Indonesia. Mount Sinabung’s first eruption in 400 years has highlighted the urgent need for authorities to improve disaster preparedness, experts say.
“This is a challenge,” said Wisnu Wijaya, director of disaster risk reduction at the National Disaster Management Agency (BNPB). “We should study patterns of volcanic activity so that we can draw up guidelines to anticipate future disasters.”
The eruption of Sinabung, in North Sumatra’s Karo district, took the country by surprise and forced more than 27,000 villagers to seek refuge in government-run shelters.
It first erupted on Aug. 29, then in the early hours of Sept. 3 it churned into action again in an eruption larger and louder than the earlier ones. On Sept. 7, it had its most powerful eruption yet, spewing ash as high as 5,000 meters into the air.
Even though it has the largest number of active volcanos on earth — a total of 129 — and a history of devastating volcanic disasters, Indonesia has very few scientists monitoring these potential hazards.
Disaster risk reduction became more of an issue after the 2004 tsunami, but a lack of official awareness of the importance of volcano monitoring and the potential link between eruptions and earthquakes persists, said Wahyu Triyoso, a geophysicist at the Bandung Institute of Technology (ITB).

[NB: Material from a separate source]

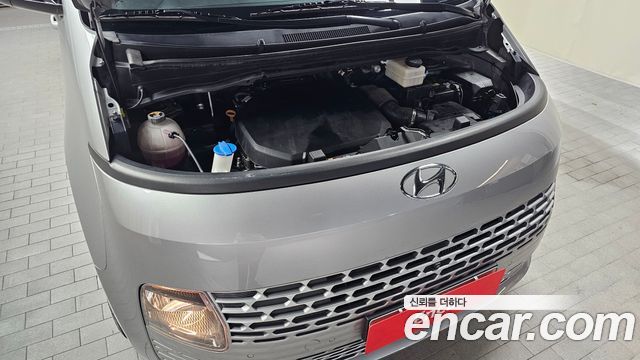 Hyundai Staria Tourer 9-Seater Modern 2022 — фото 6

“A major earthquake like that in Aceh may have triggered a volcanic surge by waking up dormant volcanoes,” Wahyu said, referring to the 9.1-magnitude quake that triggered the December 2004 Indian Ocean tsunami, which killed more than 170,000 people in Aceh alone.
Wisnu said the Sinabung eruption should serve as a wake-up call for authorities to step up the monitoring of volcanoes around the islands.
BNPB chairman Syamsul Maarif said a 2007 law on disaster mitigation required every region to map its vulnerability to disasters, but that only a few had complied.
“We keep pushing the local governments to do it,” Syamsul said. “When a disaster happens, they can’t wait for the Jakarta-based BNPB team to arrive there in a short time. They should be able to help themselves until more help comes.”
Indonesia is a seismically charged region because of its location on the so-called Ring of Fire — a series of fault lines stretching from the Western Hemisphere through Japan and Southeast Asia.
It has recorded some of the largest eruptions in history.